While the density of any scheme with a window guarantee can be trivially lower bounded by 1/w, all of the improved schemes discussed previously remained quite far from it for small values of k, suggesting that a density of 1/w could simply be unreachable in this region.

Marçais et al. (2018) established a first non-trivial lower bound for forward local schemes, that is, schemes that select a k‑mer only based on the content of the current window (local) and have an increasing sequence of selected positions (forward). This bound was then tightened by Groot Koerkamp & Pibiri (2024), and later refined as a near-tight lower bound by Kille et al. (2024): any forward local scheme must satisfy d \ge \frac{\left\lceil\frac{w + k}{w}\right\rceil}{w + k} The key insight behind this result is to consider cyclic strings of length exactly w + k: on such a cycle, the window guarantee forces at least \lceil(w+k)/w\rceil positions to be sampled, so the density per cycle is at least \lceil(w+k)/w\rceil/(w+k).

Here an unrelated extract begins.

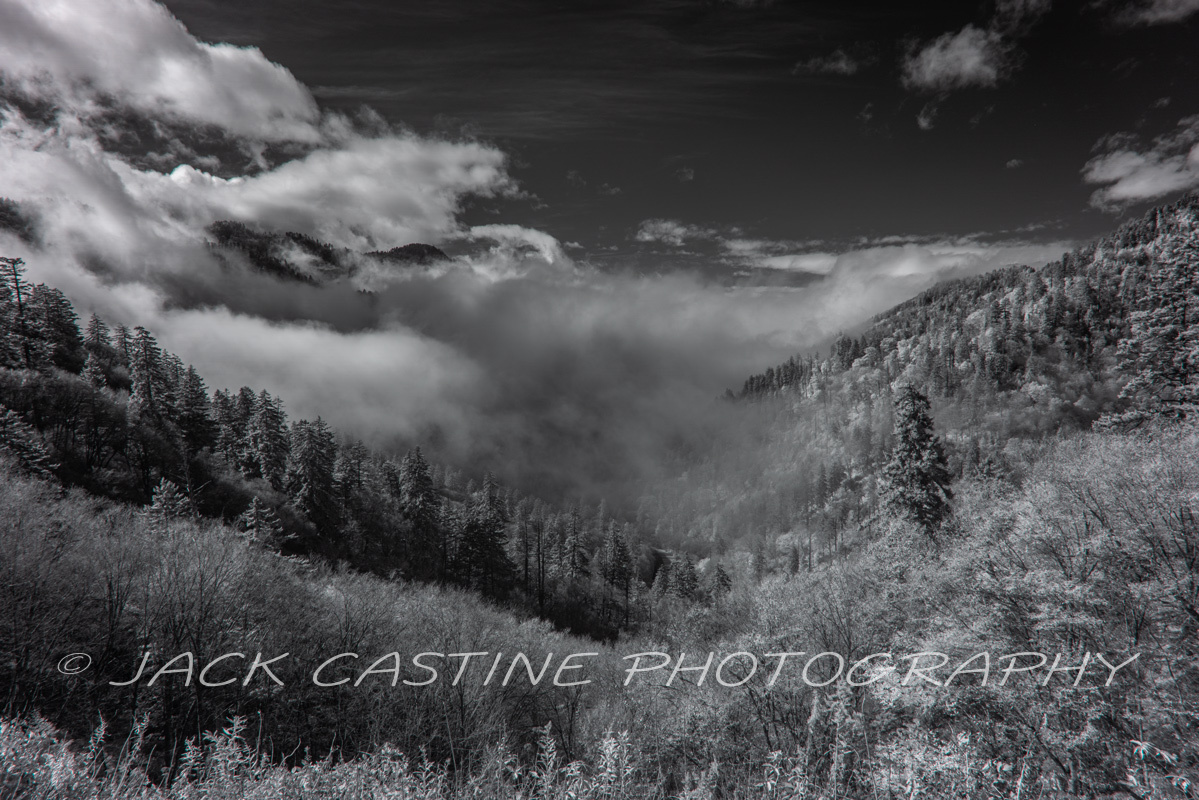  2021 11 02 - Mist at Ben Morton's Overlook - Smoky Mountains NP, Tennessee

Since the density of any forward scheme equals its average density over all such cycles, the bound follows.

Moreover, Kille et al. (2024) noted that this bound peaks at values k \equiv 1 \mod w and can be smoothed into a monotone version since the optimal density decreases with k²: d \ge \max\left( \frac{ \left\lceil\frac{w + k}{w}\right\rceil }{w+k}, \frac{ \left\lceil\frac{w + k^\prime}{w}\right\rceil }{w+k^\prime} \right) where k^\prime = k + ((1 - k) \bmod w) is the smallest integer \ge k such that k^\prime \equiv 1 \mod w. Figure 15.1 illustrates this lower bound along with the density of the schemes presented above.

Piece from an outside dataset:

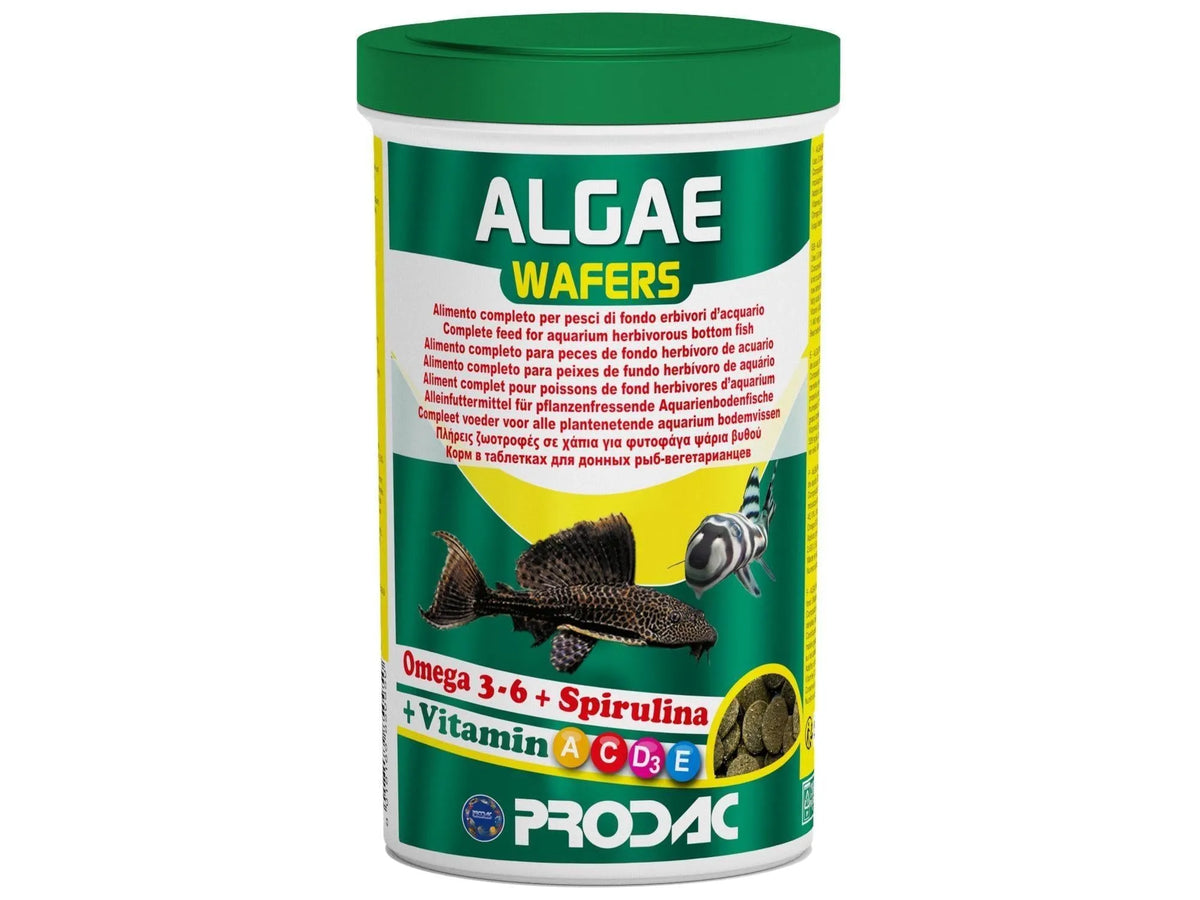 Prodac Algae Wafers fiskefôr i grønn og hvit beholder med bilder av fisk og Omega 3-6 + Spirulina.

Figure 15.1: Plot of the density of multiple minimizer schemes, along with the lower bound for forward local schemes from (Kille *et al.*, 2024).

15.4 Other variants

Note

As these approaches were published recently, they were not included in the following chapters.

15.4.1 Finimizers

Finimizers (Alanko et al., 2025) are variable-length minimizers that ensure that the frequency of each selected k‑mer stays below a given threshold. By avoiding very frequent k‑mers, they reduce biases in downstream analyses, at the cost of a non-uniform k‑mer length.

15.4.2 GreedyMini

GreedyMini (Golan et al., 2025) constructs a minimizer scheme through a greedy brute-force search. It iteratively selects the k‑mer whose designation as the overall minimum would least often place it first or last in a context, thereby minimizing the number of charged contexts and hence the density. The resulting schemes achieve density very close to the lower bound and are optimal for some small parameter values when k \equiv 1 \mod{w}. However, this approach is not scalable for k > 15 as the construction time increases exponentially with k.

15.4.3 10-minimizers

10-minimizers (Shur et al., 2026) are defined by an order that systematically prioritizes k‑mers starting with the binary pattern 10 (named 10-k‑mers), the idea being that they tend to be spaced further apart because the pattern cannot overlap itself. This translates into an expected density approximately 2/(w+2), slightly lower than the 2/(w+1) of random minimizers. Shur et al. (2026) then refine this construction into spacers by ranking 10-k‑mers to maximize the gap to the next selected position, achieving a competitive density.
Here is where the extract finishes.